Majchrowski żąda, by minister Ziobro zamieścił przeprosiny w "Gazecie Wyborczej", "Rzeczpospolitej", "Dzienniku Polskim" i "Gazecie Krakowskiej" i zaniechał w przyszłości naruszania jego dobrego imienia.
Prezydenta Krakowa dotknęły wypowiedzi ministra podczas konferencji prasowej 14 września. Jak powiedział, wcale nie chodzi mu o użyte przez ministra określenie "nieudacznik", ale o to, że został postawiony "na równi z kryminalistami, bandziorami i aferzystami".
Pozew wpłynął we wtorek do wydziału cywilnego Sądu Okręgowego w Krakowie.
W zeszłym tygodniu reprezentujący Majchrowskiego adwokaci złożyli w krakowskiej prokuraturze wniosek o wszczęcie postępowania karnego w sprawie wypowiedzi ministra Ziobro. Wniosek ten został przekazany do Prokuratury Okręgowej w Warszawie, gdyż ta prokuratura jest właściwa do jego rozpatrzenia - powiedziała rzecznik krakowskiej Prokuratury Okręgowej Bogusława Marcinkowska.

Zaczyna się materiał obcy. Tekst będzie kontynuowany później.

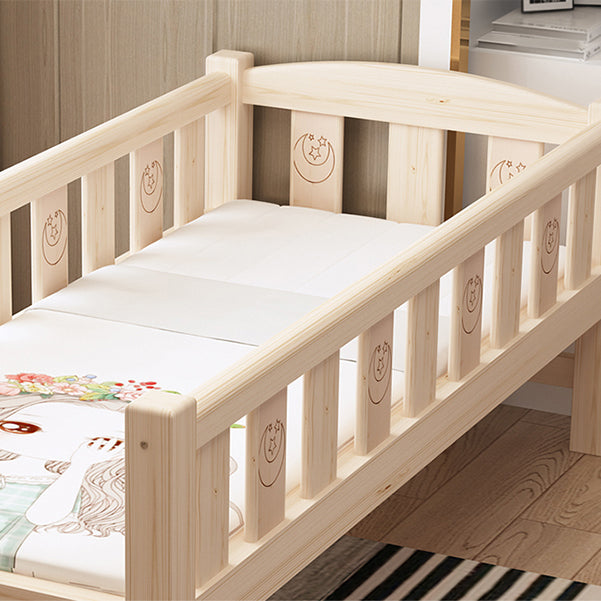 Modern Nursery Crib with Guardrail Washed Natural Wood with Mattress Nursery Bed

Zdaniem Majchrowskiego, Ziobro "wykorzystując funkcję i stanowisko ministra sprawiedliwości-prokuratora generalnego" dokonał oceny kandydata na prezydenta Krakowa, a wypowiedź ministra "może być odebrana przez opinię publiczną jako próba wywierania nacisków na czynności podległych prokuratorowi generalnemu prokuratorów i rzucać podejrzenia o stronniczość prokuratury i uleganie przez nią partyjnym wpływom".
Podczas konferencji prasowej 14 września Ziobro określił prezydenta Krakowa mianem "zwykłego nieudacznika", niepanującego nad swymi urzędnikami, którzy "niszczą substancję archeologiczną krakowskiego rynku"; nazwał również Majchrowskiego "kolegą Jerzego Jaskierni".
Sprawa rozpoczęła się, gdy gdnosząc się do doniesień "Gazety Wyborczej" (napisała, że były komendant małopolskiej policji Adam Rapacki został zwolniony, bo odmówił założenia podsłuchów Majchrowskiemu i jego współpracownikom) Ziobro podkreślił, że nie było wniosku prokuratury o podsłuch u Majchrowskiego. Minister zapowiedział, że jeśli będzie podstawa, to podsłuchy będą stosowane niezależnie od tego, z której opcji politycznej jest dany aferzysta.
Majchrowski już dzień później zapowiadał, że będzie skarżyłáministra Ziobrę za "insynuacje" pod jego adresem. Potem wstrzymał się z wniesieniem pozwu, czekając aż minister go przeprosi. Kiedy Ziobro zaprzeczył, by miał zamiar przepraszać, Majchrowski postanowił poczekać z wniesieniem pozwu na działania prokuratury. Ale krakowska prokuratura sama nie wszczęła postępowania.